Me: it’s when you tell a story about someone.
[later at movie night]
Wife: let’s watch Cars.
Daughter: [whispers] autobiography.
Wait, what’s that noise?
Is there a dying cat outside?
Oh…no…it’s just a 50 yr old man racing a remote control car down the road.
I’m surprised so few people ask me why I’m carrying a cudgel around.
Her: How’s your drink?
Me: It’s ok. I can’t taste the alcohol though
Her:That’s cause we’re at the gym and its a protein shake
*full moon emerges from behimd clouds*
nno–nonono it cant be…RUN. FAR AWAY FROM ME. NOW. IM A– IM A–
*turns into bungalow*
IM A WAREHOUSE
I’m still drunk with power after a Jehovah’s Witness asked, “‘Can I ask you one question?” & I said, “I think you just did,” + kept walking.
Interviewer: What drives you?
Me: The bus mostly
Interviewer: I mean what motivates you to get out of bed in the morning?
M: missing the bus
Boomers will say no one makes good music anymore then put on some Bob Dylan song that sounds like a bridge troll’s riddle being played in reverse
“What are you going to be when you grow up?”
Tired.
The answer is tired.
Dreams won’t chase you back, but Canadian geese sure as hell will.

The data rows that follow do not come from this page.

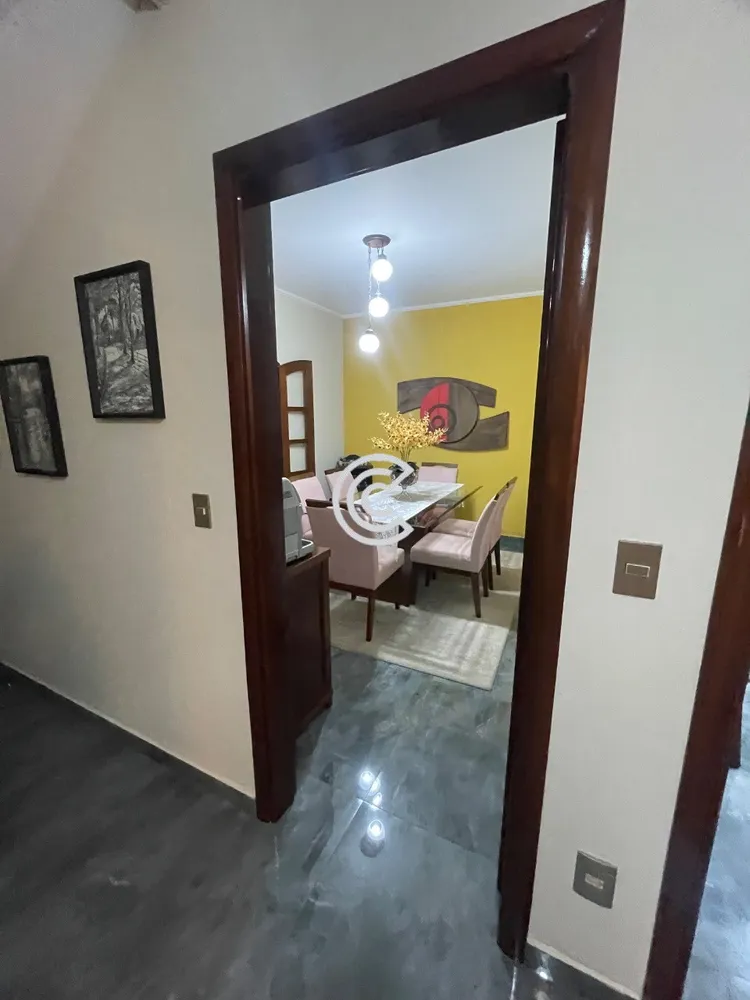 Casa, 4 quartos - Foto 8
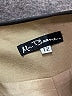 Mr. Beene 100% Cotton Tan Blazer Size 12 - photo 6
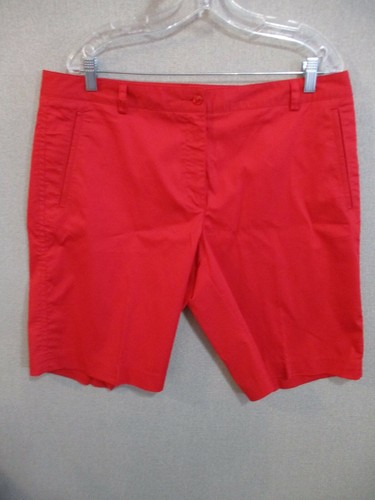 Cotton/spandex Liz Golf 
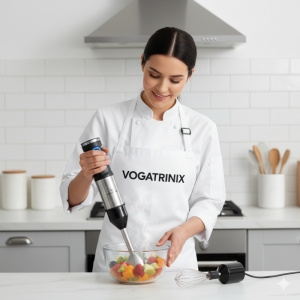 گوشتکوب برقی وگاترونیکس مدل HB13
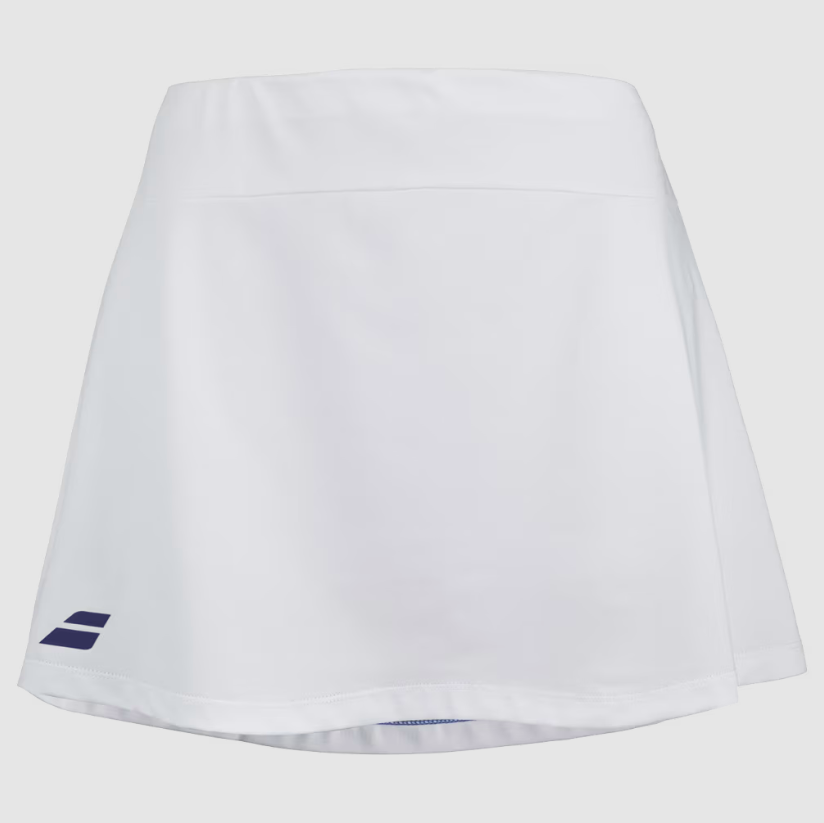 Babolat Play Skirt Women’s Skirt - White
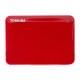 Disco Duro Toshiba Canvio Connect II 3 TB - Envío Gratuito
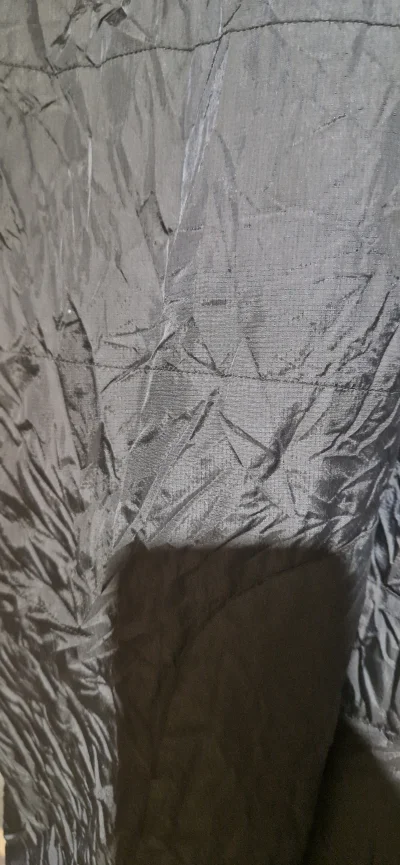 Sloneczko - Macie jakies sposoby na kurtke puchową zimową która była skompresowana na...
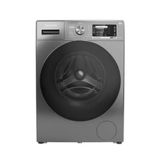 Lava E Seca Brastemp 10kg/6kg Smart Sensor E Triplo Vapor Titanium Bnc10as - 220v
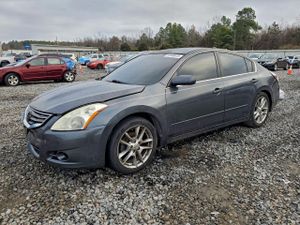 Nissan Altima BASE 2.5L 4 2012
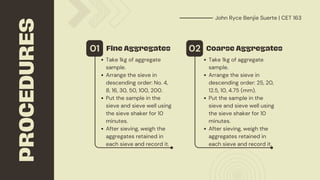 Test on Aggregates - Material Testing.pdf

Her: I was robbed! They took EVERYTHING except some wire coat hangers and my Justin Bieber CD.
Me: I wonder why they left the hangers?
if a doctor ever tried to hit *my* knee with a tiny hammer? hoo boy… all i’m sayin is, it’s a good thing they already live at the hospital
It’s so cold, my dentures are chattering as they soak.
ME: So it’s like a spank bank for your feelings?
THERAPIST: Most people just call it a journal, but sure
My neighbor called me an old drunk which really offended me. I’m not that old…
Miss Piggy’s karate skills are my favorite pork chops.
if speaking russian makes my b’s into v’s then soviet
If you want my body and you think I’m sexy, please stop buying your prescription glasses at Walmart.
We’re gonna party like its 1999.
//breaks out Nokia flip phone and starts to panick about Y2K//
What’s for dinner?
-A question asked by children who have no intention of eating the answer.